## Directions for this task
Output every record exactly and leave each picture out.

## Information provided
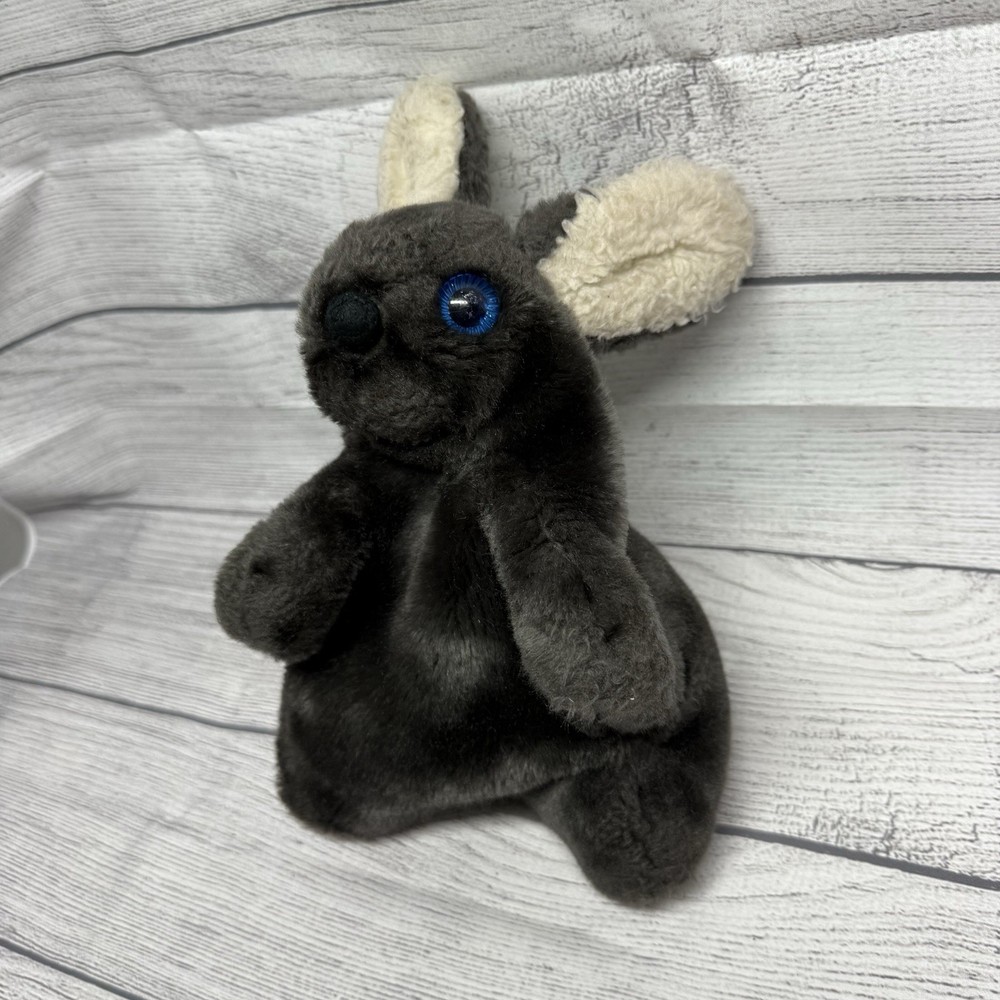 Vintage Gray 9" Bunny Rabbit Hand Puppet Plush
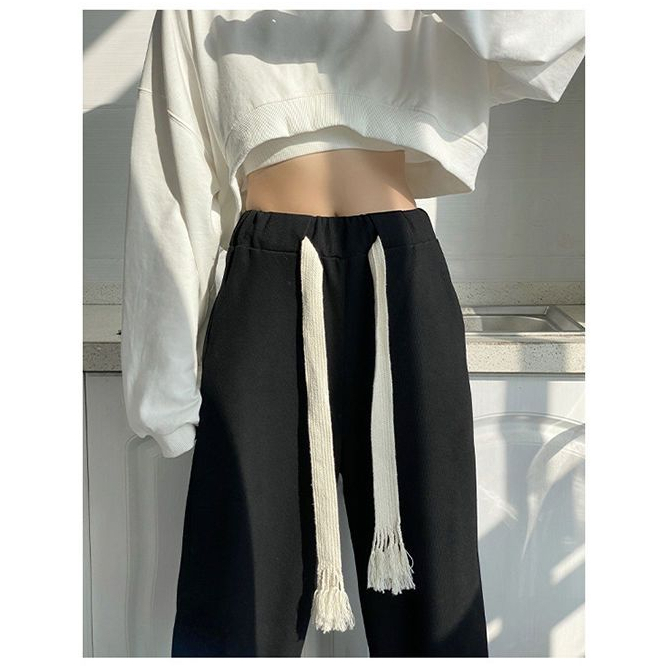 XIAOZHAINV Celana Wanita Korean Style High Waist Loose Pants 8809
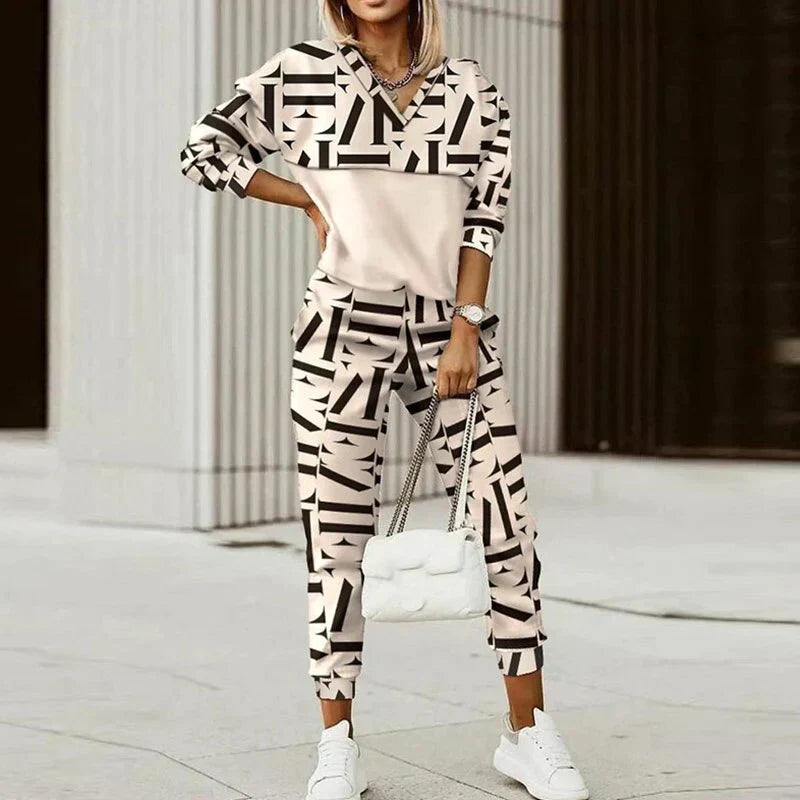 Women's Casual Zipper Top Tracksuit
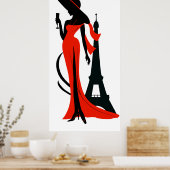 Elegante Silhouette Rotes Kleid mit Weinglas Poster (Küche)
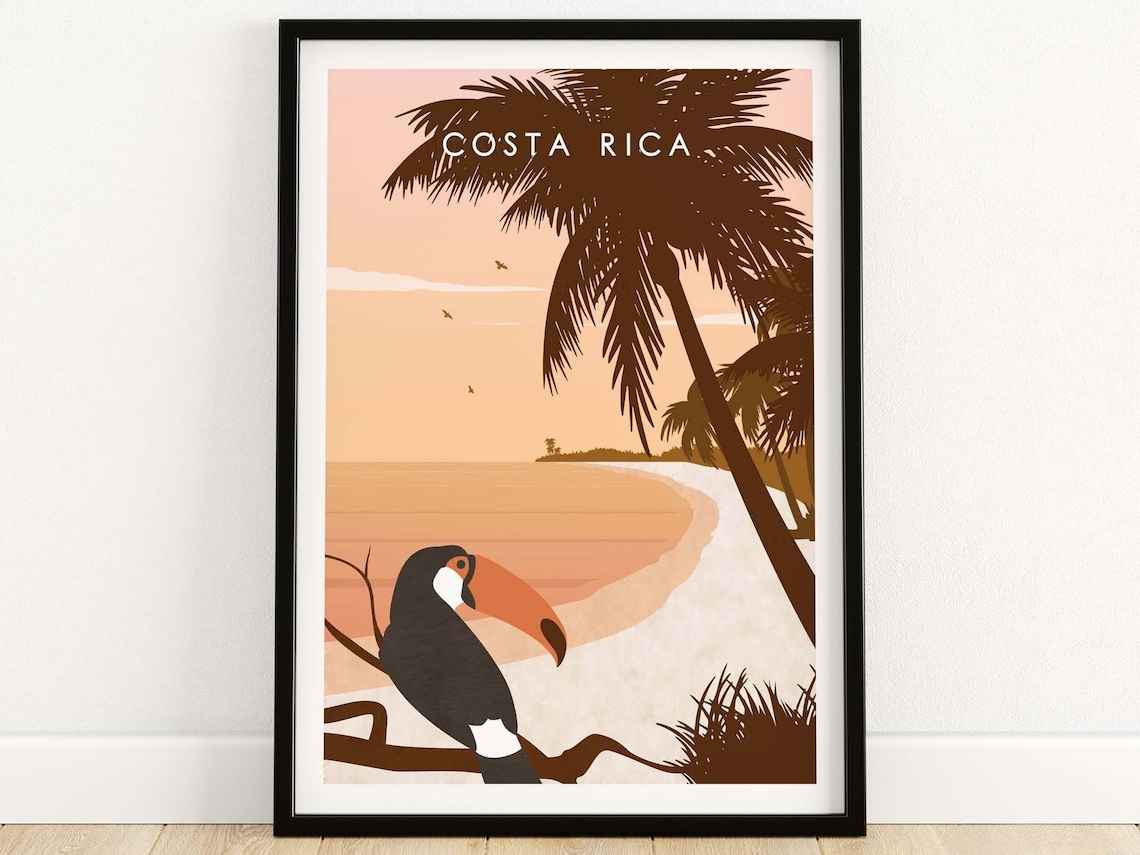 Costa Rica Travel Poster, Tropical Beach Jungle Art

## Expected output
 Vintage Gray 9" Bunny Rabbit Hand Puppet Plush
 XIAOZHAINV Celana Wanita Korean Style High Waist Loose Pants 8809
 Women's Casual Zipper Top Tracksuit
 Elegante Silhouette Rotes Kleid mit Weinglas Poster (Küche)
 Costa Rica Travel Poster, Tropical Beach Jungle Art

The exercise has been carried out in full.